*** DATA SHOWN ***
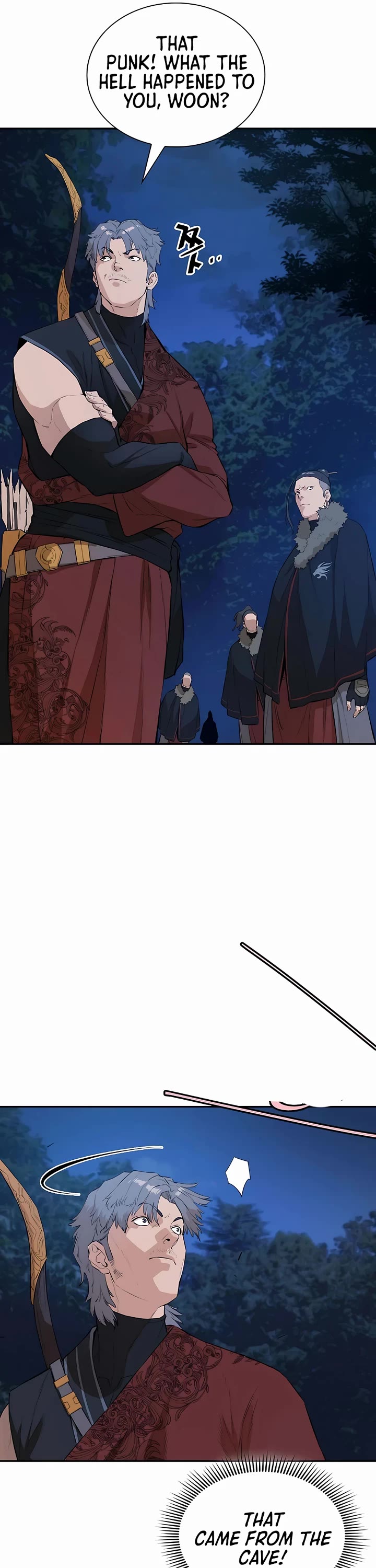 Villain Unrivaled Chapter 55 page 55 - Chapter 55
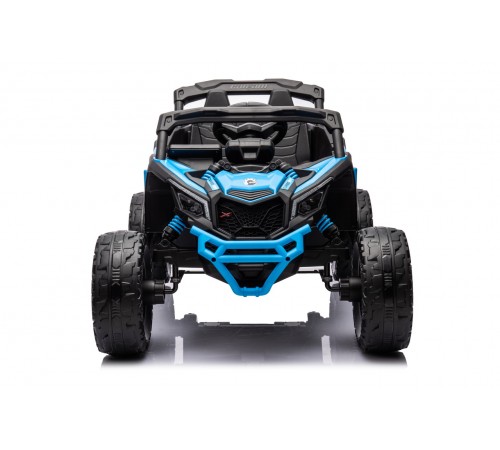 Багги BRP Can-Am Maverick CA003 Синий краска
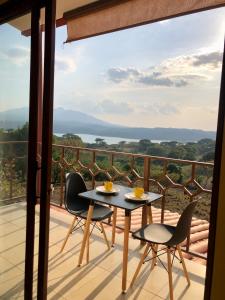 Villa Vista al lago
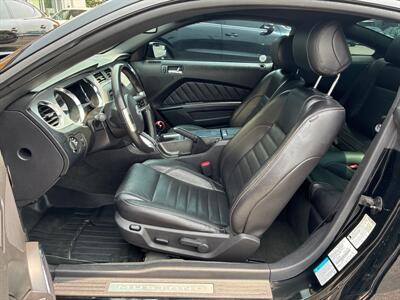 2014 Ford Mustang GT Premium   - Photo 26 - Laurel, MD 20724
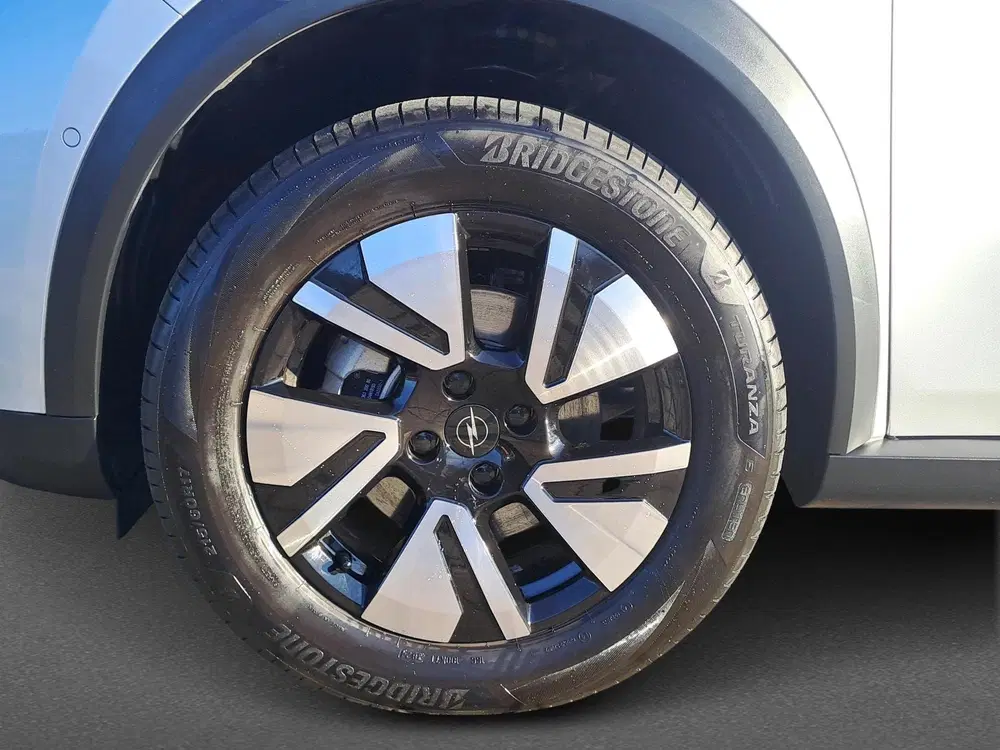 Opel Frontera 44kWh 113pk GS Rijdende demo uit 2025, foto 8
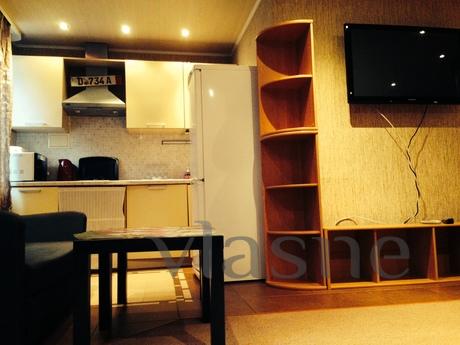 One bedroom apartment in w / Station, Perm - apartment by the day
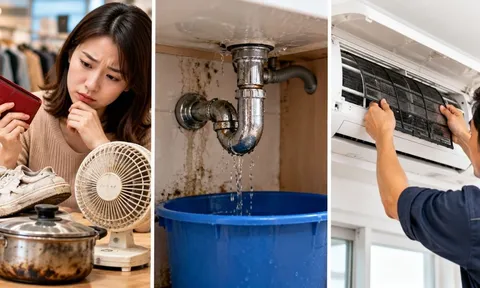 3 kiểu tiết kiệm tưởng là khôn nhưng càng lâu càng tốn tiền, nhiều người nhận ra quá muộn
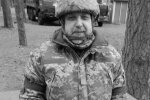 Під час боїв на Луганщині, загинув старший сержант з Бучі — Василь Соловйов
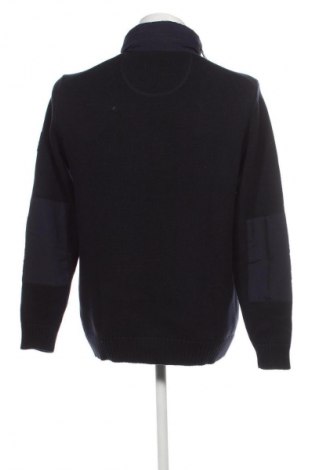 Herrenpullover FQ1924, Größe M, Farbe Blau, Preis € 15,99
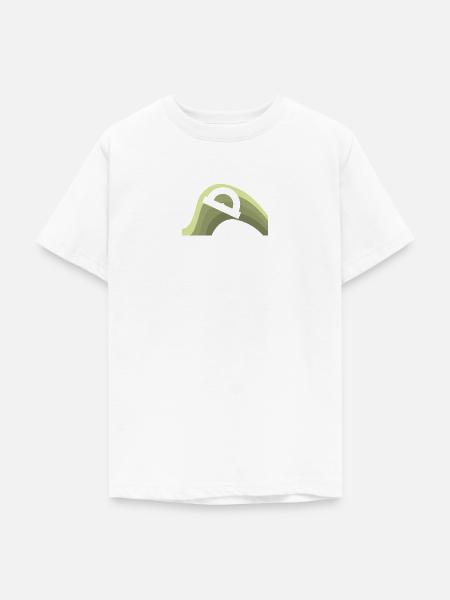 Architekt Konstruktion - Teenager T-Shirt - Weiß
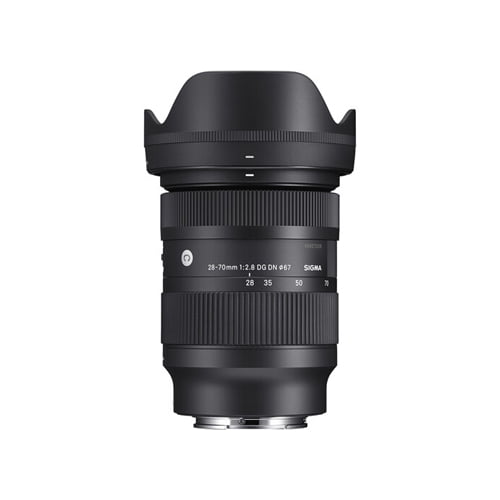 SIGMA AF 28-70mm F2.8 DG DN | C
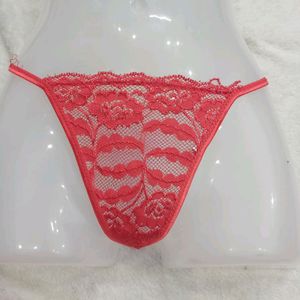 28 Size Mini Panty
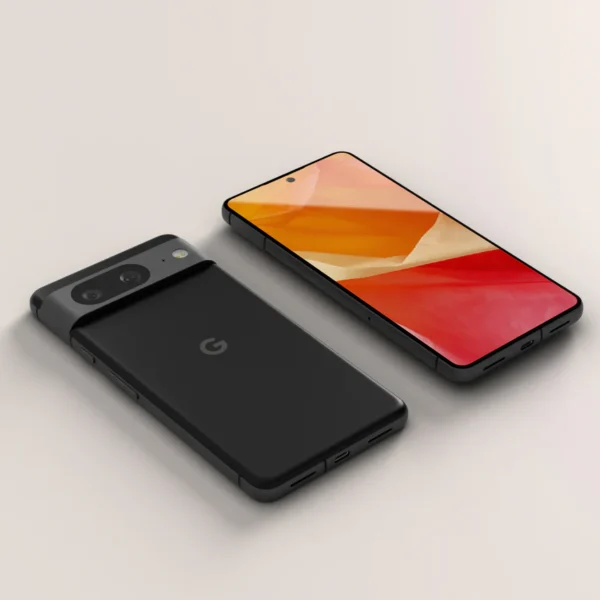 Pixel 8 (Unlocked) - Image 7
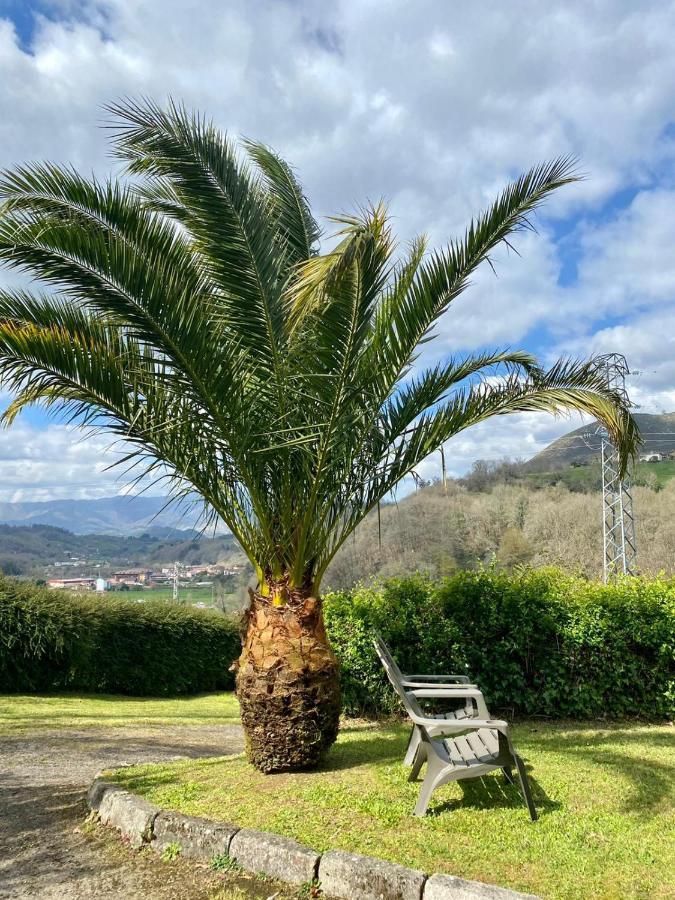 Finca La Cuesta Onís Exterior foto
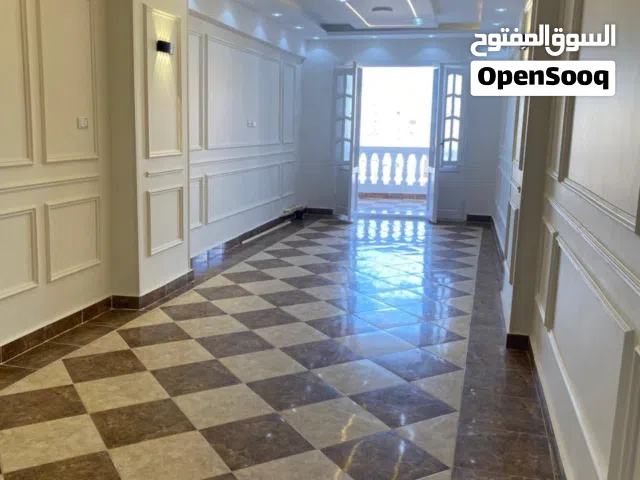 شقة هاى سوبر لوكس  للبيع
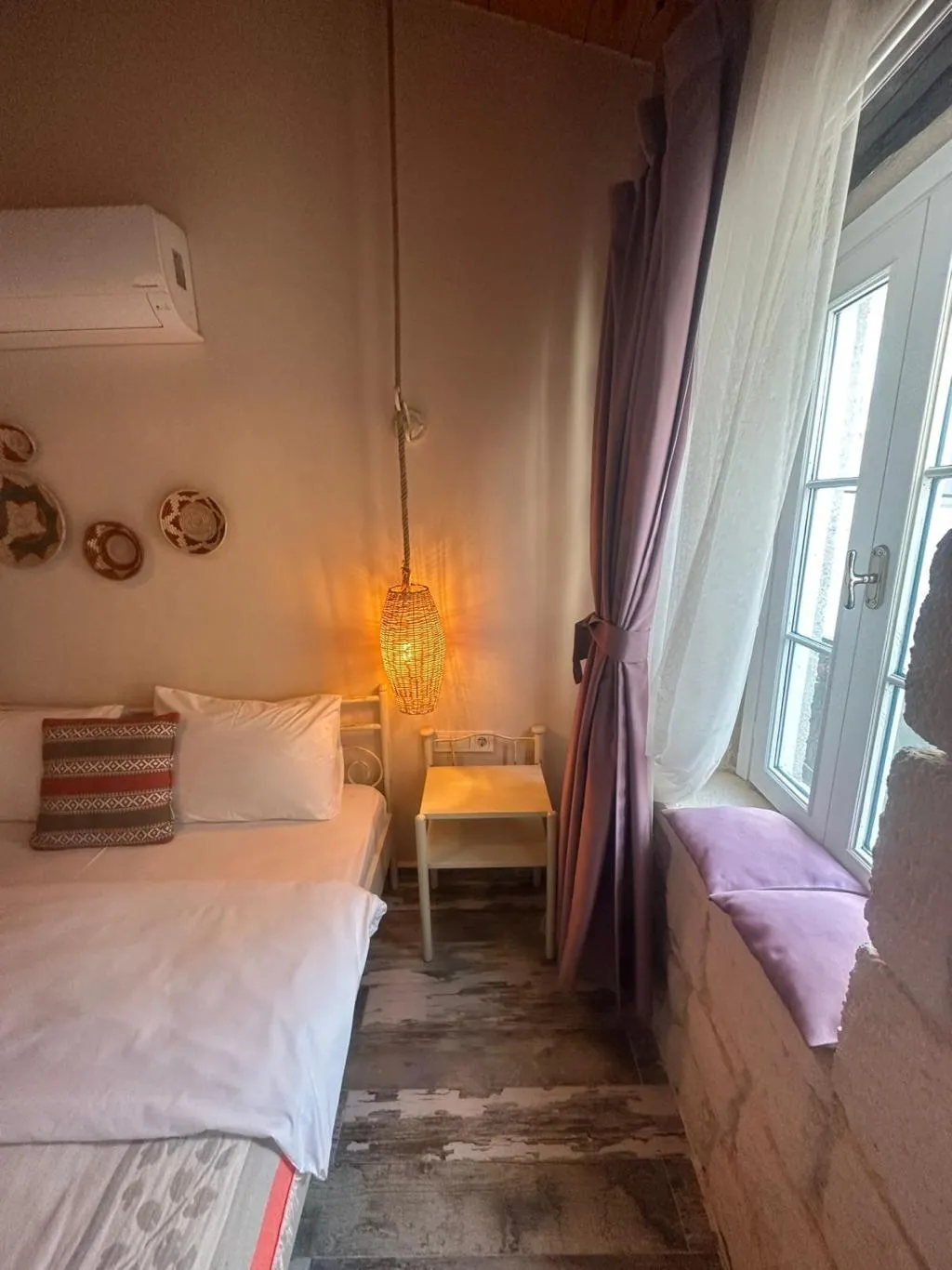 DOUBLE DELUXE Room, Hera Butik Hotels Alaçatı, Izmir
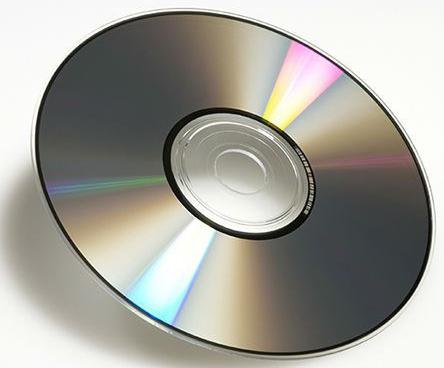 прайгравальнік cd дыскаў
*** End of DATA SHOWN ***
ASSIGNMENT: Omitting the pictures, write out the material above exactly as it stands.

PROBLEM SOLUTION:
 Villain Unrivaled Chapter 55 page 55 - Chapter 55
 Багги BRP Can-Am Maverick CA003 Синий краска
 Villa Vista al lago
 2014 Ford Mustang GT Premium   - Photo 26 - Laurel, MD 20724
 Opel Frontera 44kWh 113pk GS Rijdende demo uit 2025, foto 8
 One bedroom apartment in w / Station, Perm - apartment by the day
 3 kiểu tiết kiệm tưởng là khôn nhưng càng lâu càng tốn tiền, nhiều người nhận ra quá muộn
 Під час боїв на Луганщині, загинув старший сержант з Бучі — Василь Соловйов
 Herrenpullover FQ1924, Größe M, Farbe Blau, Preis € 15,99
 Architekt Konstruktion - Teenager T-Shirt - Weiß
 SIGMA AF 28-70mm F2.8 DG DN | C
 28 Size Mini Panty
 Pixel 8 (Unlocked) - Image 7
 Finca La Cuesta Onís Exterior foto
 شقة هاى سوبر لوكس  للبيع
 DOUBLE DELUXE Room, Hera Butik Hotels Alaçatı, Izmir
 прайгравальнік cd дыскаў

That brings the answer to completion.